* [What you need to do]
From the material below, copy exactly the lines beginning with the one that contains "মূল্যস্ফীতি সহনীয় করতে" and ending with the one that contains "206-17093 IAP QUALITY"; the pictures stay out.

* [Available data]
-----

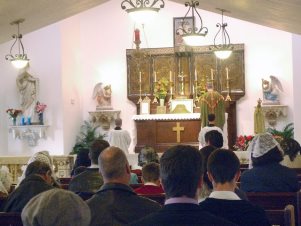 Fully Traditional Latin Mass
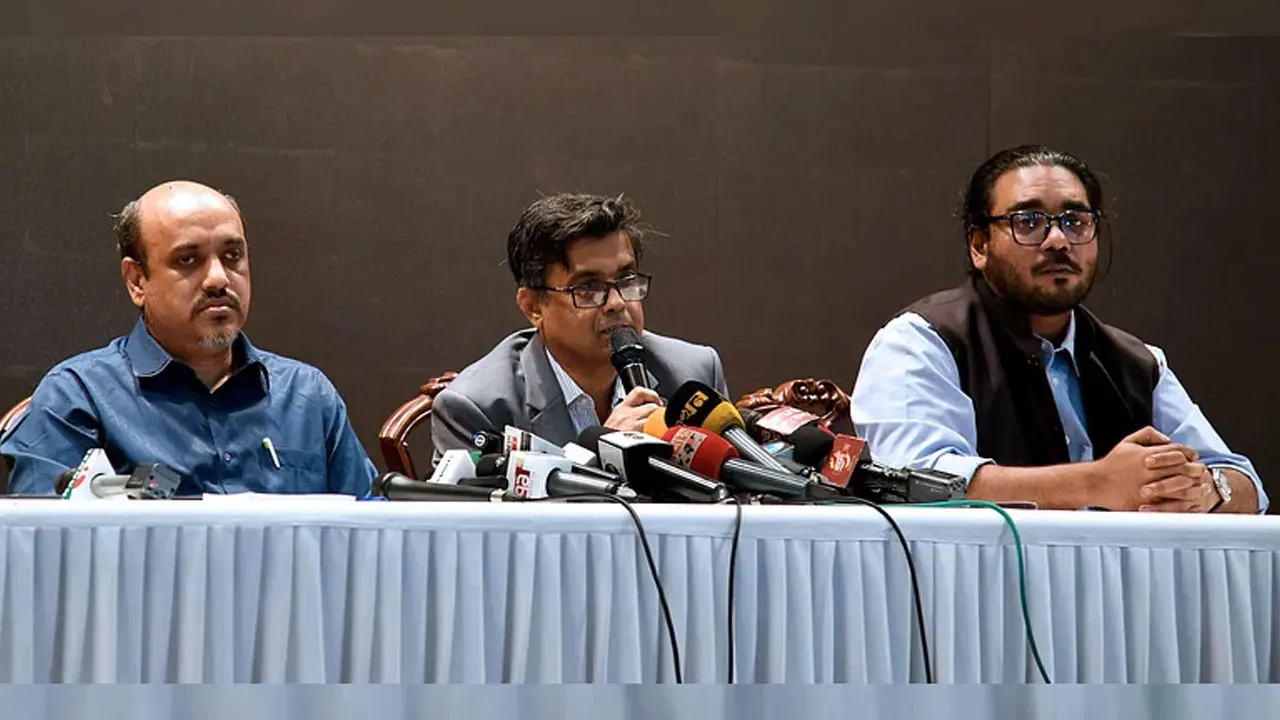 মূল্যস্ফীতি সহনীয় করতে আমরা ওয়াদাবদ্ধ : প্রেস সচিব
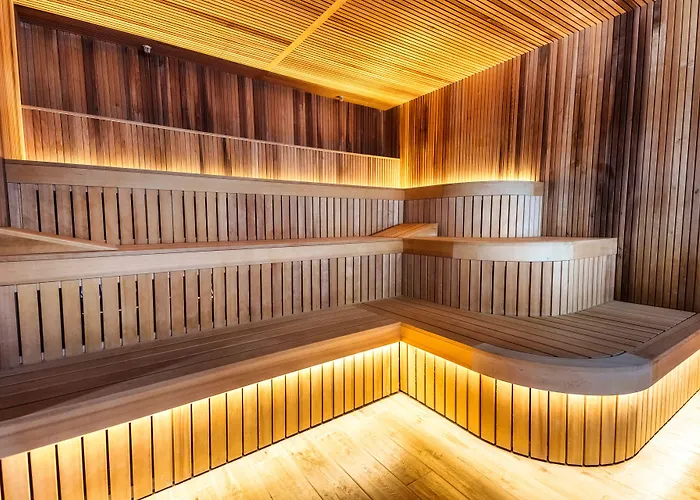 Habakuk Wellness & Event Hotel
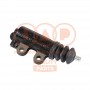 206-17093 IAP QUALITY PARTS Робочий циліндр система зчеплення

-----

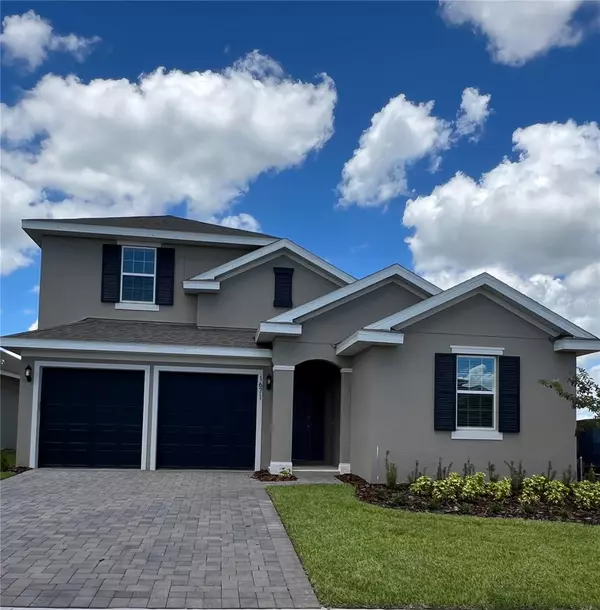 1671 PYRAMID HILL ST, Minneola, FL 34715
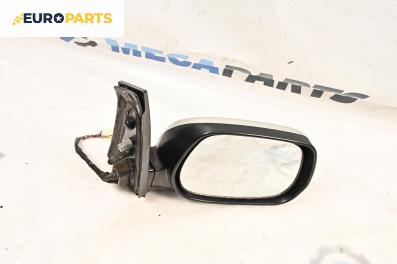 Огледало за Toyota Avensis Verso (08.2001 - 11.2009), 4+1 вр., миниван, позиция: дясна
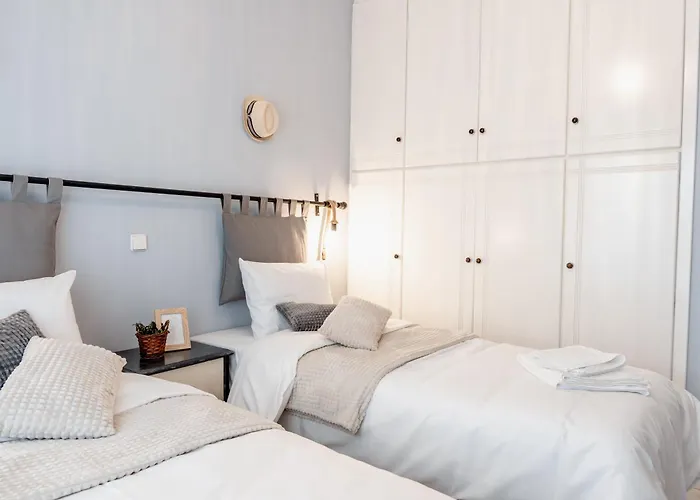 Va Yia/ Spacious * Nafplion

-----

* [Expected output]
 মূল্যস্ফীতি সহনীয় করতে আমরা ওয়াদাবদ্ধ : প্রেস সচিব
 Habakuk Wellness & Event Hotel
 206-17093 IAP QUALITY PARTS Робочий циліндр система зчеплення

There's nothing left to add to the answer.